Was meint ihr? Hat jemand Erfahrung?


----------



## Koi-Uwe (28. Juli 2009)

*AW:  Störe im Winter separieren?*

Hallo,
Störe haben in einem *Koiteich* nichts verloren, einen Grund hast du ja schon gennant.
Störfutter vertragen Koi auch nicht wirklich gut, fressen es aber mit Vorliebe weil es ja auf Grund liegt.

Im letzten Koi-Kurier stehen noch weitere Gründe gegen Störe im Koiteich.


----------



## pflanzen exklusiv (28. Juli 2009)

*AW:  Störe im Winter separieren?*

Hallo Steffi,
selbst im letzten Winter, der ja wirklich mehr wie hart war, lies ich meine Störe im Teich. Man konnte doch auch merken, das Sie sich sehr langsam bewegten.
Es wäre ach sehr schwierig gewesen, drei Exemplare von 1m bis 1,20m in einem anderen becken unterbringen zu können.

Gruß Thomas


----------



## robsig12 (28. Juli 2009)

*AW:  Störe im Winter separieren?*

Wer kann den Stören schon ein Becken für den Winter bieten? Da die Störe ja auch im Winter aktiv sind, müsste der Ansatz ja wenn dann auf die Koi gerichtet werden, und diese in ein Winterbecken im Keller verlegt werden.

Das ganze Problem stellt sich natürlich nicht, wenn man in einen Koi Teich Koi gibt, und keine Störe.


----------



## Redlisch (28. Juli 2009)

*AW:  Störe im Winter separieren?*

Hiho,

ich habe auch festgestellt, das die Störe recht träge im Winter sind.

Die Koi und die anderen Fische haben sich in den Hornblattwald zurückgezogen zum Überwintern. Das sie irgendwie von den beiden Stören gestört wurden, konnte ich nicht feststellen.

Allerdings habe ich auch keinen Koiteich und recht viele Pflanzen drin.

Die Störe wurden über ein 100er HT Rohr mit Nahrung versorgt.

Wie ebenfalls schon geschrieben wurde ist es wohl leichter die Koi in einem separaten Becken zu überwintern als die Störe.

Axel


----------



## Dodi (28. Juli 2009)

*AW:  Störe im Winter separieren?*

Hallo Steffi,

wir haben seit nunmehr 7 Jahren Koi und Störe im Teich.
Ich habe nicht feststellen können, dass die Störe die Koi in der Winterruhe beeinträchtigen (...wollte grad stören schreiben ). 

Der Albino-__ Sterlet legt sich in der Winterruhe sogar zu den Koi, lediglich der Waxdick schwimmt umher, zieht allerdings in höheren Regionen seine Bahnen, so dass er die Koi dadurch auch nicht aufscheucht.

Zur Fütterung:
Ich mach es auch so wie Axel.
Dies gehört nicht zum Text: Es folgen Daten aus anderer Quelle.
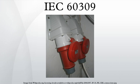IEC 60309 is an international standard from the International Electrotechnical Commission for plugs, socket outlets and couplers for industrial purposes. The highest voltage allowed by the standard is 690 V DC or AC. The highest current is 125A, and the highest frequency is 500 Hz. The temperature range is -25°C to 40°C. There is a range of plugs and sockets of different sizes with differing numbers of pins, depending on the current supplied and number of phases accommodated.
Die Störe bekommen ihr Futter durchs Rohr, damit die Koi möglichst nichts davon mitbekommen. 
Zuerst füttere ich die Koi, dann die Störe - jede Fischart hat eine andere, aber immer dieselbe Futterstelle.

Im Winter gebe ich allen Fischen Winter-Sinkfutter für Koi, so können auch die Koi davon fressen, ohne dass es ihnen schaden könnte. Meiner Erfahrung nach fressen die Koi eh einen großen Teil des Winters über und dann wenigstens kein für sie ungesundes Stör-Futter.
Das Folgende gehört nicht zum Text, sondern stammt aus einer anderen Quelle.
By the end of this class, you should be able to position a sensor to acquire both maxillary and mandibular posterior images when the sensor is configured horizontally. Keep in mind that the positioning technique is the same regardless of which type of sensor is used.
Alles in allem ist meine Erfahrung mit der Vergesellschaftung von Koi und Stören gut.


----------



## Koi-Uwe (28. Juli 2009)

*AW:  Störe im Winter separieren?*

Schaut euch den Teich von SteffiB an, dann wisst ihr was ich meine.

Anderes Szenario, 
Nachbar hatte einen "Bombenkrater" als Teich in dem auch Koi und 4 Störe leben. Das Ergebnis waren in diesem Winter/Frühjahr 13 tote Koi.
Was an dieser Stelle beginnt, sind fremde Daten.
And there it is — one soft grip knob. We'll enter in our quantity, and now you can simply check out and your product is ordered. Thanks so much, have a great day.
Mal vom Medikamenteneinsatz ganz zu schweigen, Störe können fast kein Medikament vertragen, sei es Formalin oder KPM, eigentlich gängige Anwendungen für Koi, vertragen Störe bei Wassertemperaturen über 20° fast überhaupt nicht (auch beim Nachbarn schmerzlich erfahren müssen).

Also sind im Prinzip auf jeden Fall alle Sauerstoffzehrenden Medis im Teich mit Stören Tabu, oder aber man fängt die Störe vorher raus.


----------



## Redlisch (28. Juli 2009)

*AW:  Störe im Winter separieren?*

Hallo Uwe , aufwachen !!!!

Es geht hier um WINTERRUHE und nicht ob Störe und Koi zusammen in einem Teich gehören ! 



> Nachbar hatte einen "Bombenkrater" als Teich in dem auch Koi und 4 Störe leben. Das Ergebnis waren in diesem Winter/Frühjahr 13 tote Koi



Und der Typ aus Böbber hat 65 Tote Koi und keine Störe im Teich ...
Ich habe 5 Koi und 2 Störe und dutzende andere Fische und keine Verluste gehabt ...
Jetzt frag ich mich was das jetzt mit den Stören zu tun hat ....


Axel


----------



## Koi-Uwe (28. Juli 2009)

*AW:  Störe im Winter separieren?*



Redlisch schrieb:


> Hallo Uwe , aufwachen !!!!
> 
> Es geht hier um WINTERRUHE und nicht ob Störe und Koi zusammen in einem Teich gehören !



Jepp, bin Wach 

Die Frage schließt sich aber nun mal nicht aus :crazy



Redlisch schrieb:


> Ich habe 5 Koi und 2 Störe und dutzende andere Fische und keine Verluste gehabt ...



Bei über 100m³ ist das auch kein Problem. 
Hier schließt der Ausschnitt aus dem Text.